• Exercise details
Lines from the one containing "A smiling girl, clothed" through the end of the material are to be retyped exactly; do not copy pictures.

• Exercise input
◇ ◇ ◇ ◇ ◇
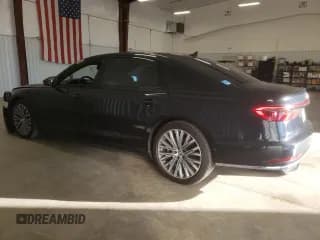 ✅ 2019 Audi A8 • VIN: WAU8DAF88KN003337 • Лот: 40893973. Опубликован ранее на Copart с пробегом 55 908 миль. Бесплатный доступ к архиву аукционных продаж из США и подробный отчёт об истории автомобиля на DreamBid. Изображение 2.
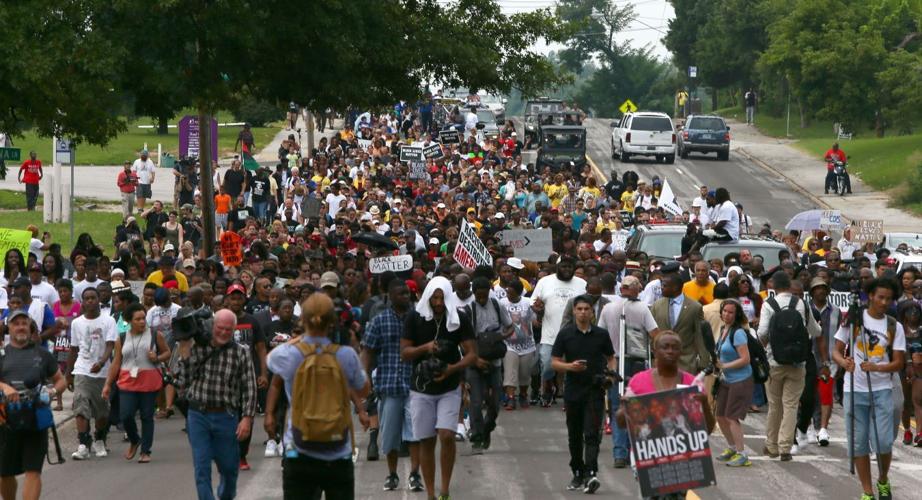 People gather on the anniversary of the fatal police shooting of Michael Brown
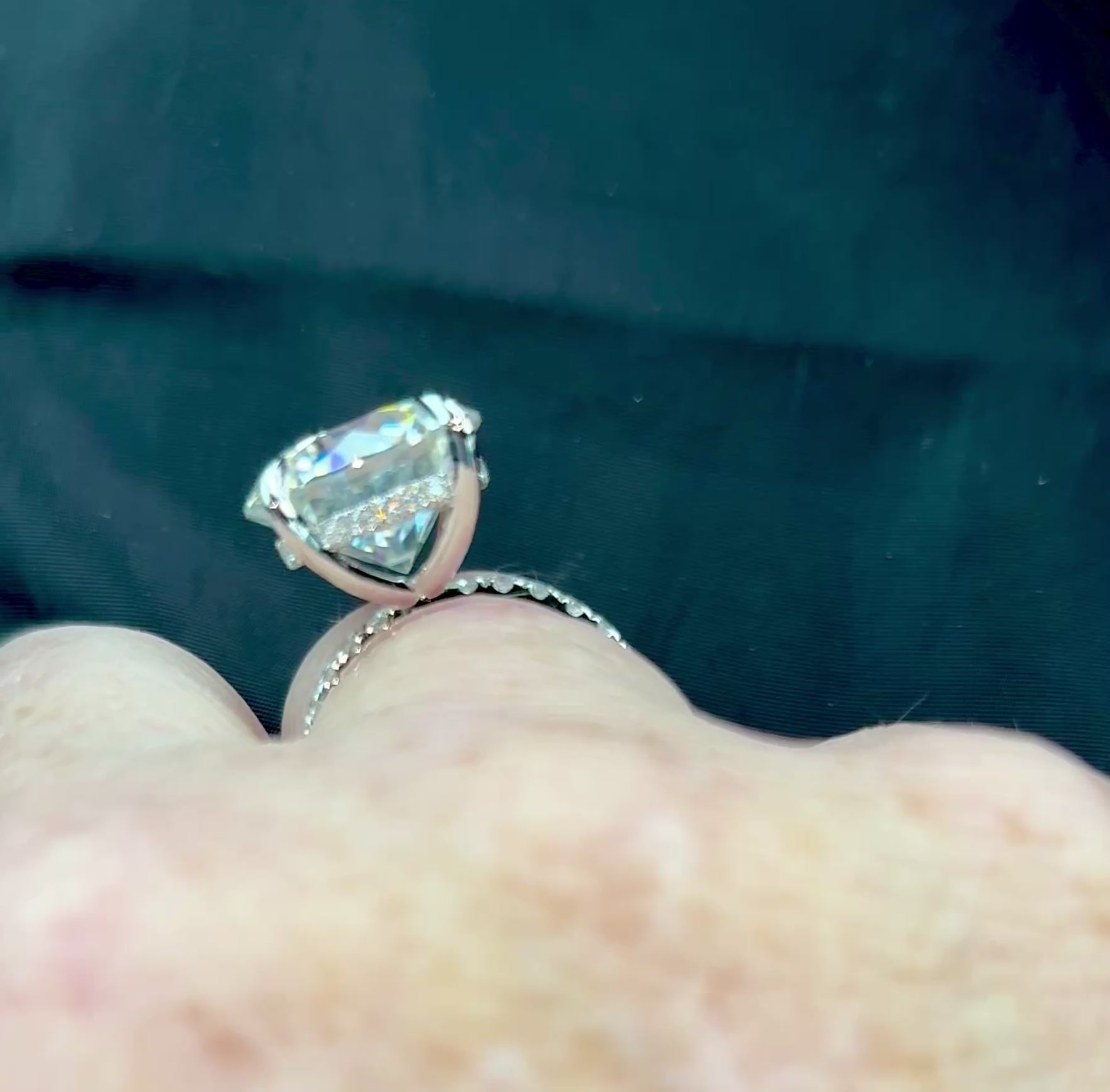 Moissanite solitaire. A glorious 10ct 8H8A Moissanite in a 4-prong mounting with a Moissanite “hidden halo” and shoulders, an 11.3cttw ring!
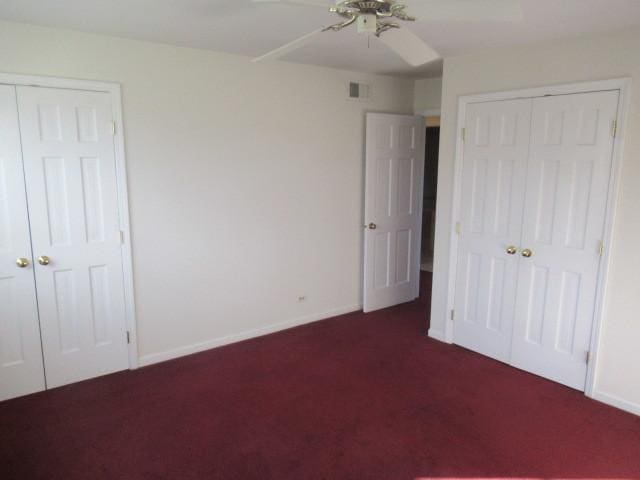 unfurnished bedroom with multiple closets, ceiling fan, and dark carpet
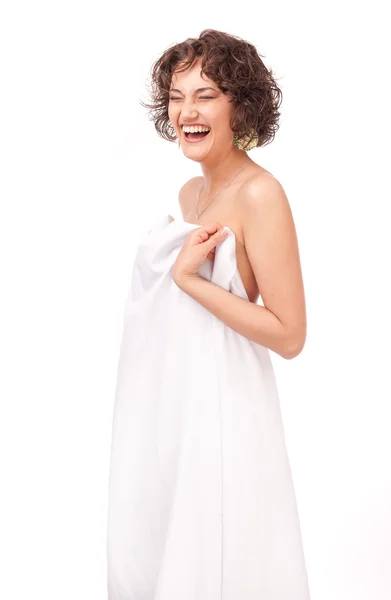 A smiling girl, clothed a white sheet on a white background — Stock Photo, Image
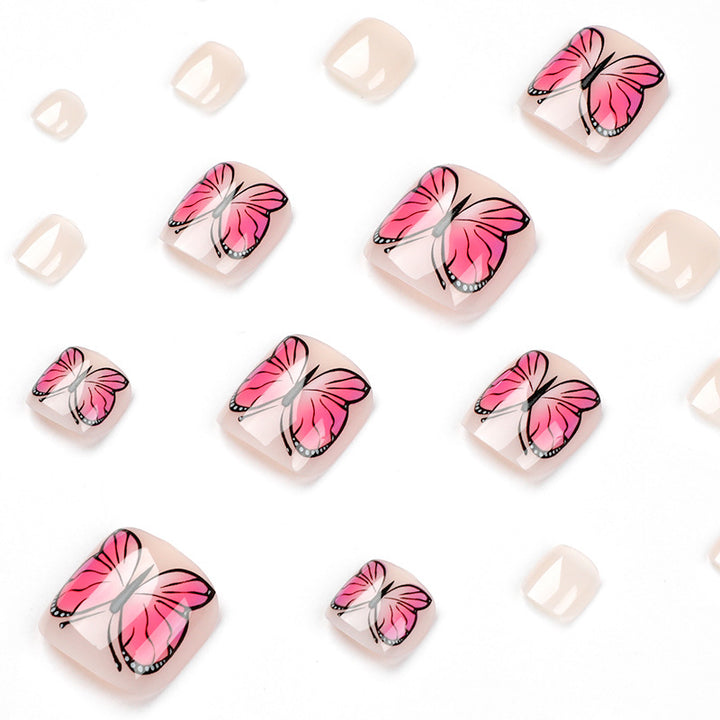Artful toenail design with butterfly design Bowlift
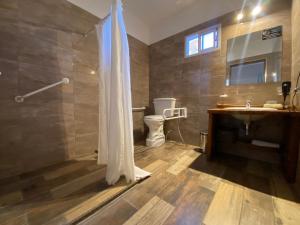 y baño con ducha y lavamanos. en Grateus Luxury Apart & Spa en Villa General Belgrano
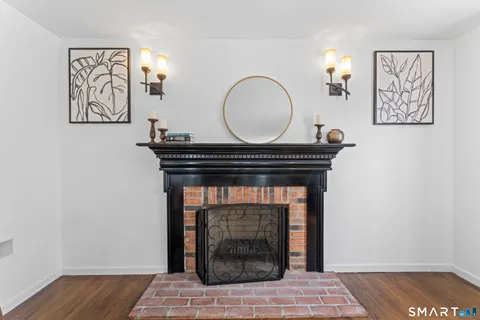 a view of fireplace and wooden floor
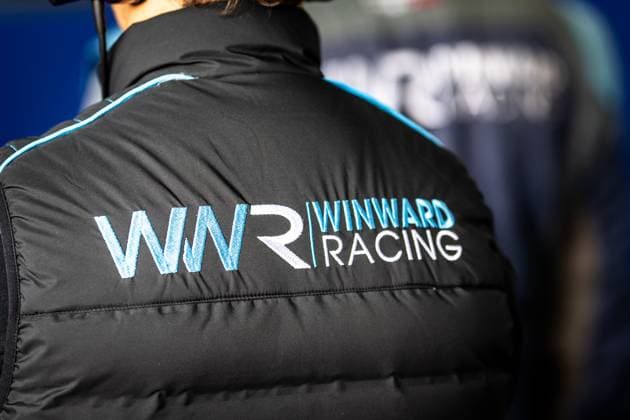 A Winward Racing team member wears a black quilted jacket with the distinctive WNR logo and Winward Racing lettering in the Nürburgring paddock Another team member in the same team clothing can be seen in the background Winward Racing team member at the 24h Nürburgring 2026 Copyright: xMichaelxGelhardtx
◇ ◇ ◇ ◇ ◇
• Reply
 A smiling girl, clothed a white sheet on a white background — Stock Photo, Image
Artful toenail design with butterfly design Bowlift
 y baño con ducha y lavamanos. en Grateus Luxury Apart & Spa en Villa General Belgrano
 a view of fireplace and wooden floor
 A Winward Racing team member wears a black quilted jacket with the distinctive WNR logo and Winward Racing lettering in the Nürburgring paddock Another team member in the same team clothing can be seen in the background Winward Racing team member at the 24h Nürburgring 2026 Copyright: xMichaelxGelhardtx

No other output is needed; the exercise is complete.